**TASK OBJECTIVE**
Copy the records below, from the line containing "Used 2016 MAZDA MAZDA3 i Sport image 43" through the last line; leave out pictures.

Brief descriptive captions
--------

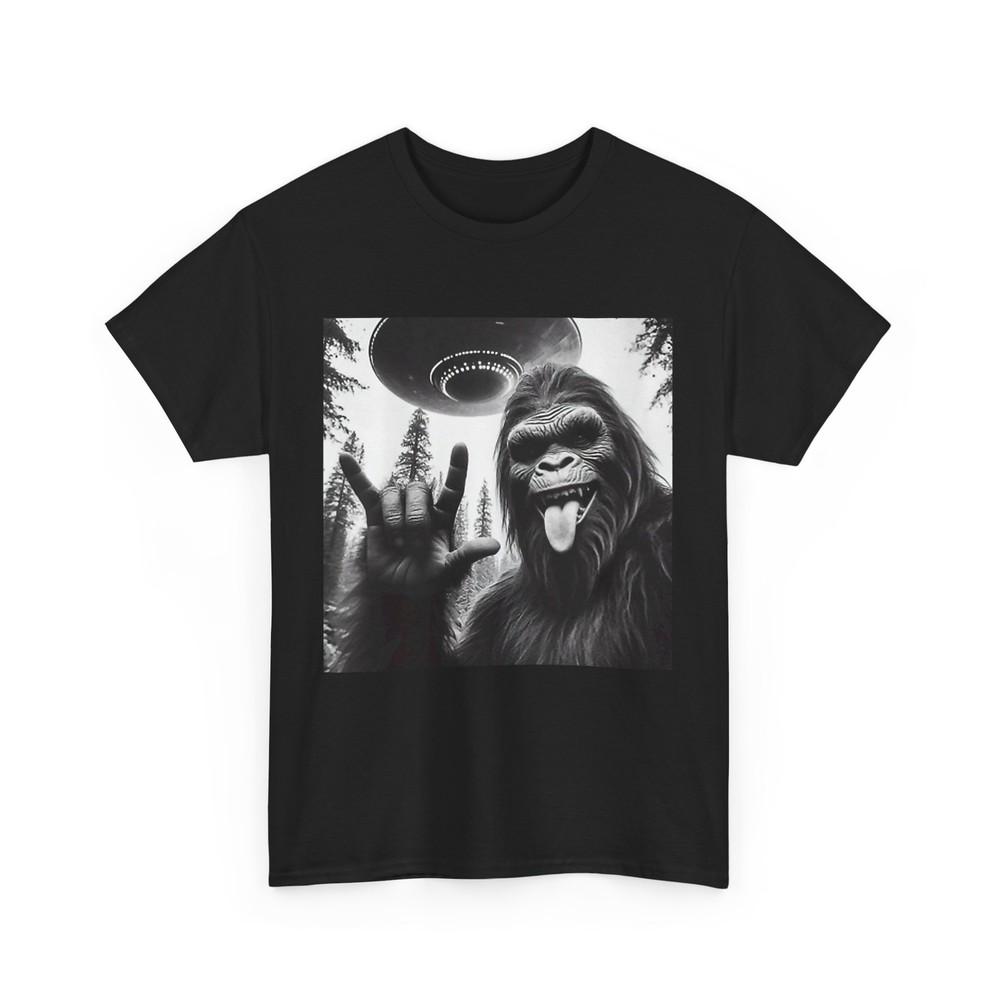 Sasquatch Selfie Shirt, Sasquatch Bigfoot UFO Alien Tee, Funny Cryptid Shirt
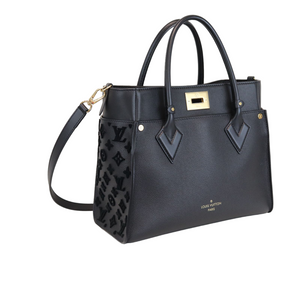 Calfskin Monogram Tufting On My Side Black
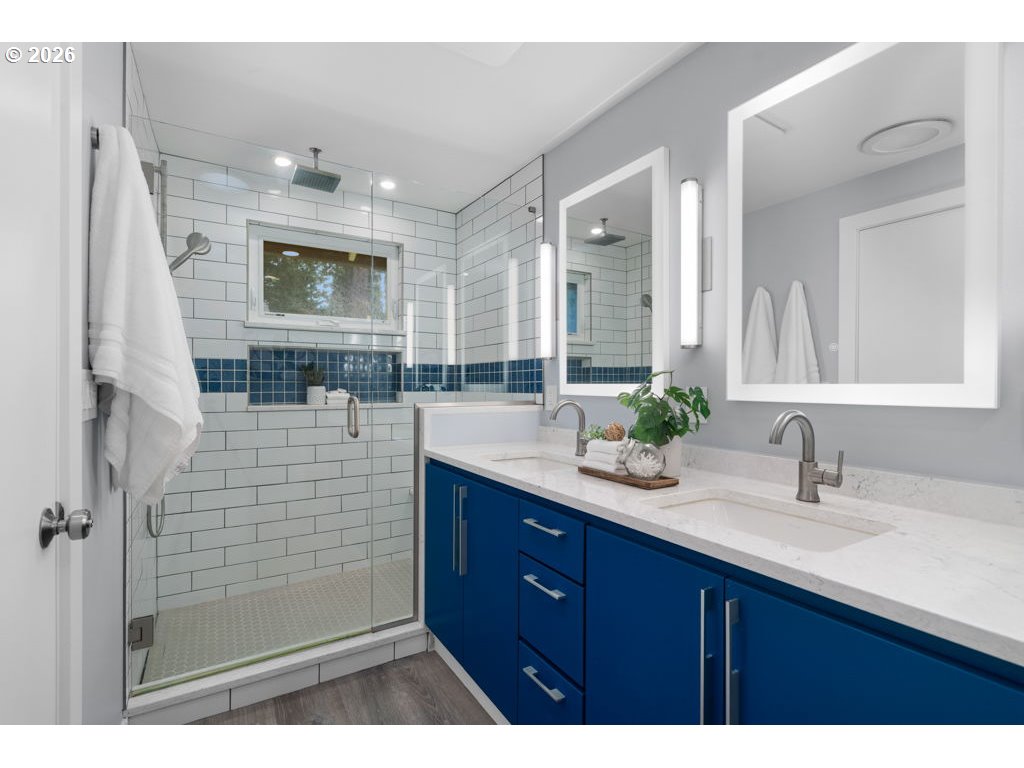 12170 Southwest Spring Court Portland, OR 97225 - Photo 21 of 37 Gallery Image 21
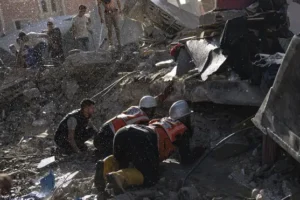 Hundreds killed in Israeli air strike on Gaza hospital, Health Ministry says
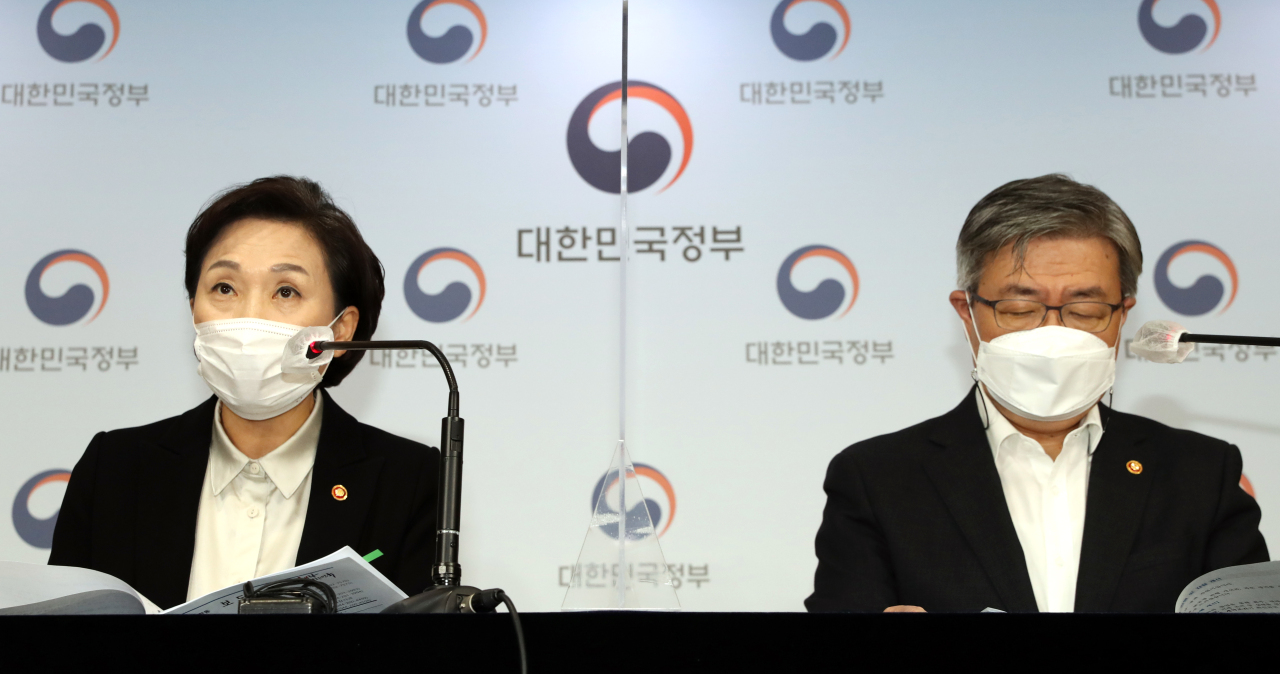 Transport Minister Kim Hyun-mee, left, and Labor Minister Lee Jae-kap speak during a press briefing Thursday held to announce measures the government has in plan to promote better working condition for parcel delivery workers. (Yonhap)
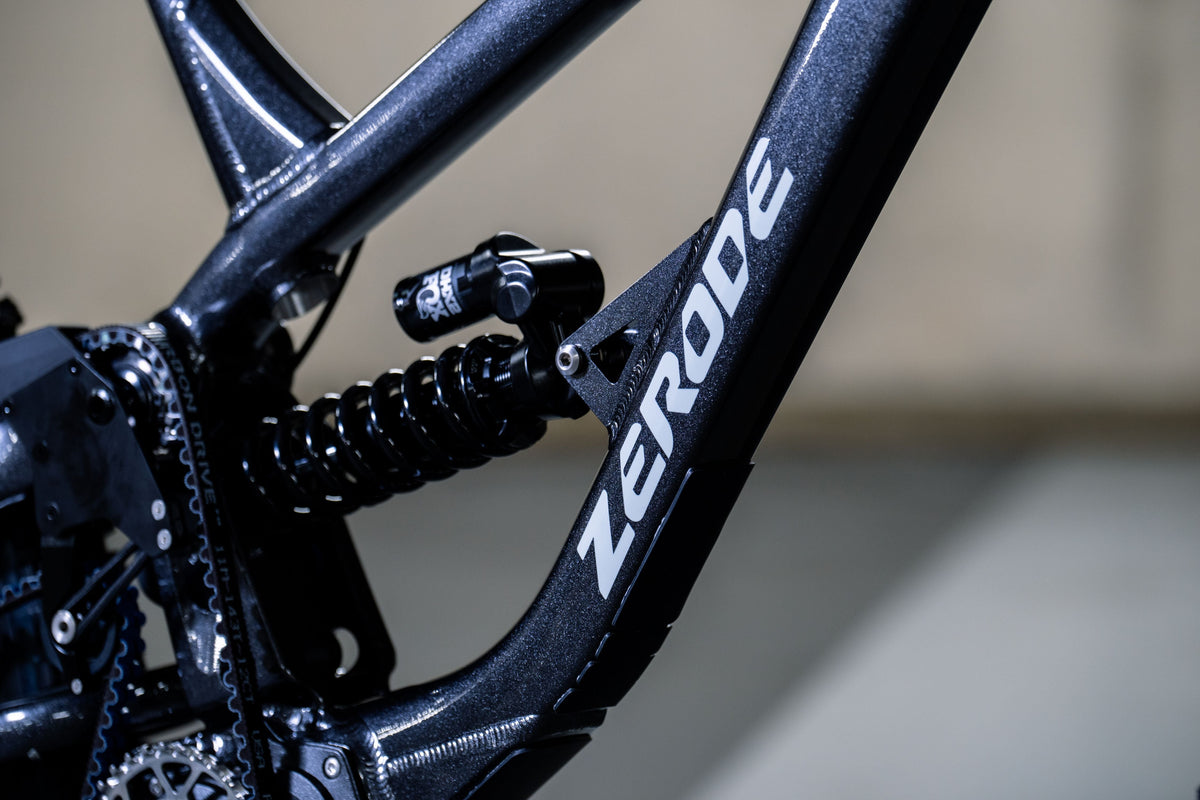 Zerode G3 Expert in Metallic Schwarz (glänzend) – Rahmen und Stahlfederdämpfer im Detail – Gravity & Sons, Helmbrechts.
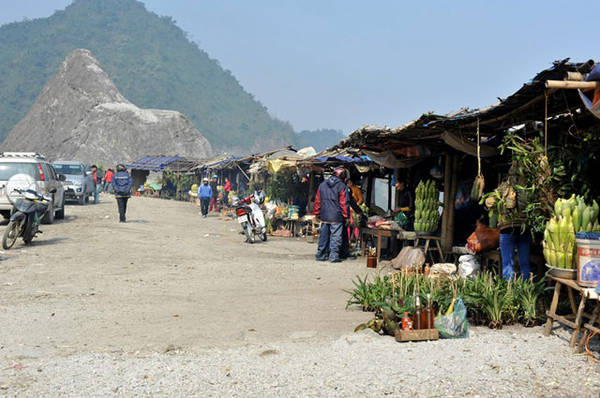 Chợ trên đỉnh đèo Thung Khê là điểm dừng chân thú vị của du khách từ Hà Nội lên Mai Châu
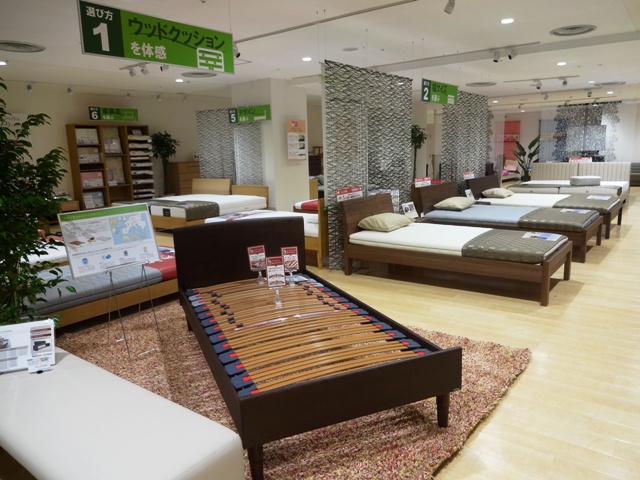 http://www.karimoku.co.jp/blog/domani-nihonbashi/DSC04092.JPG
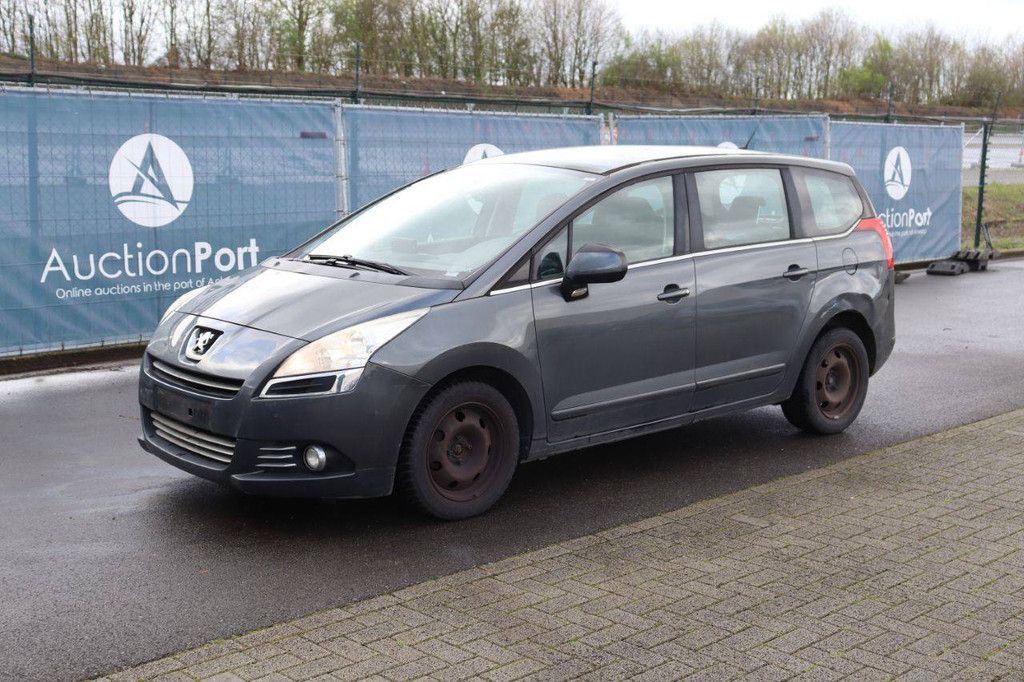 Pkw Peugeot 5008 Benzin 120 PS 2018 (Margin)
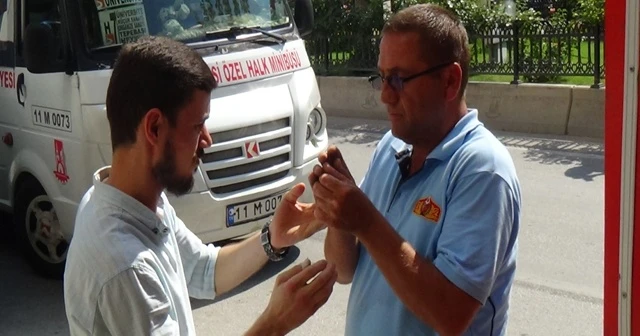 Yuvadan düşen yavru serçenin inadı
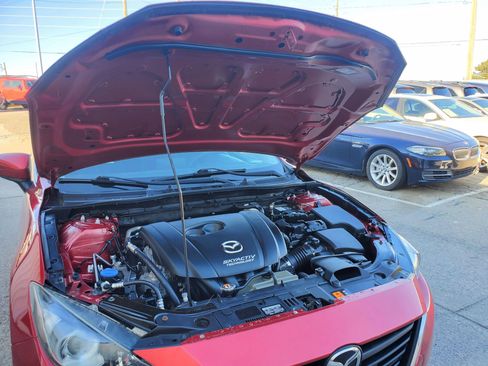 Used 2016 MAZDA MAZDA3 i Sport image 43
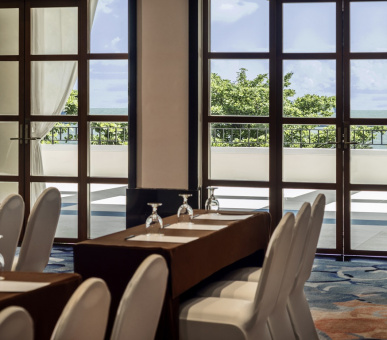 Фото Sofitel Singapore Sentosa Resort 27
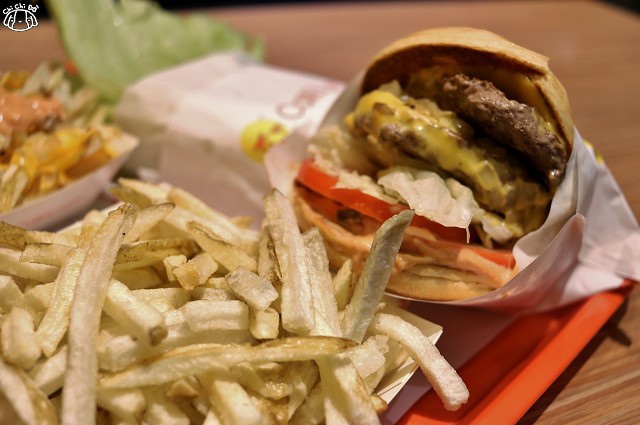 【台北大安.忠孝敦化站】CaliBurger(忠孝店)-東區美式餐廳 蔬食酪梨雞肉漢 【台北大安.忠孝敦化站】CaliBurger(忠孝店)-東區美式餐廳 蔬食酪梨雞肉漢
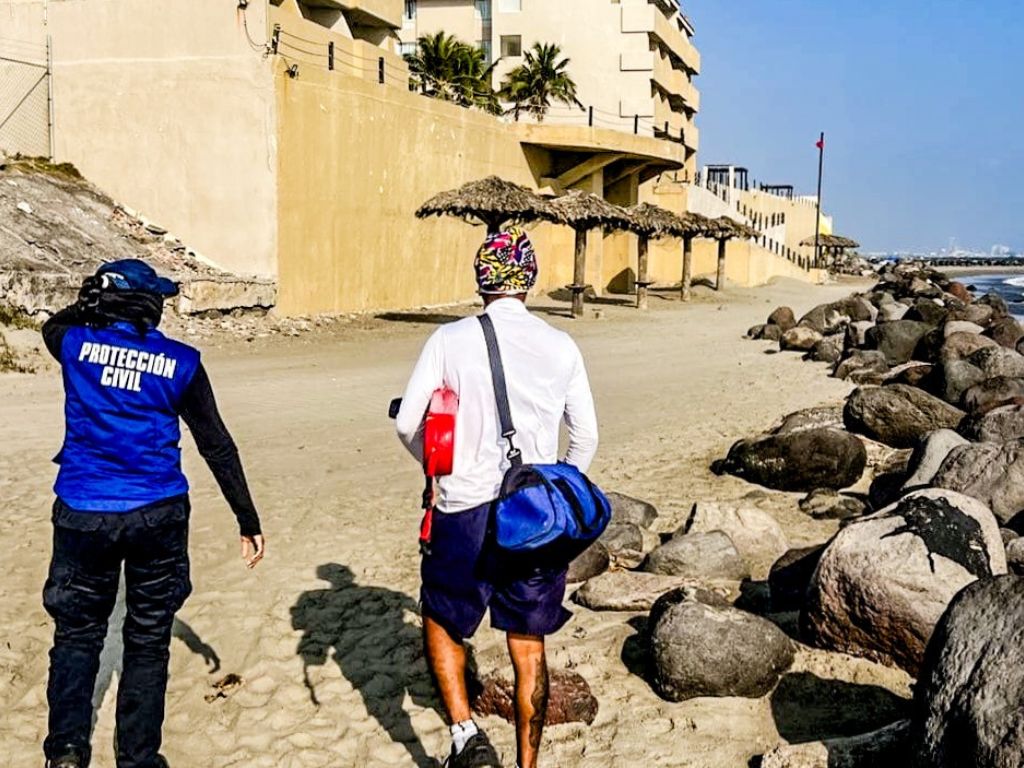 Llega contaminación de chapopote a Boca del Río; proviene de un barco en costas de Tabasco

--------

**YOUR SOLUTION**
 Used 2016 MAZDA MAZDA3 i Sport image 43
 Фото Sofitel Singapore Sentosa Resort 27
 【台北大安.忠孝敦化站】CaliBurger(忠孝店)-東區美式餐廳 蔬食酪梨雞肉漢 【台北大安.忠孝敦化站】CaliBurger(忠孝店)-東區美式餐廳 蔬食酪梨雞肉漢
 Llega contaminación de chapopote a Boca del Río; proviene de un barco en costas de Tabasco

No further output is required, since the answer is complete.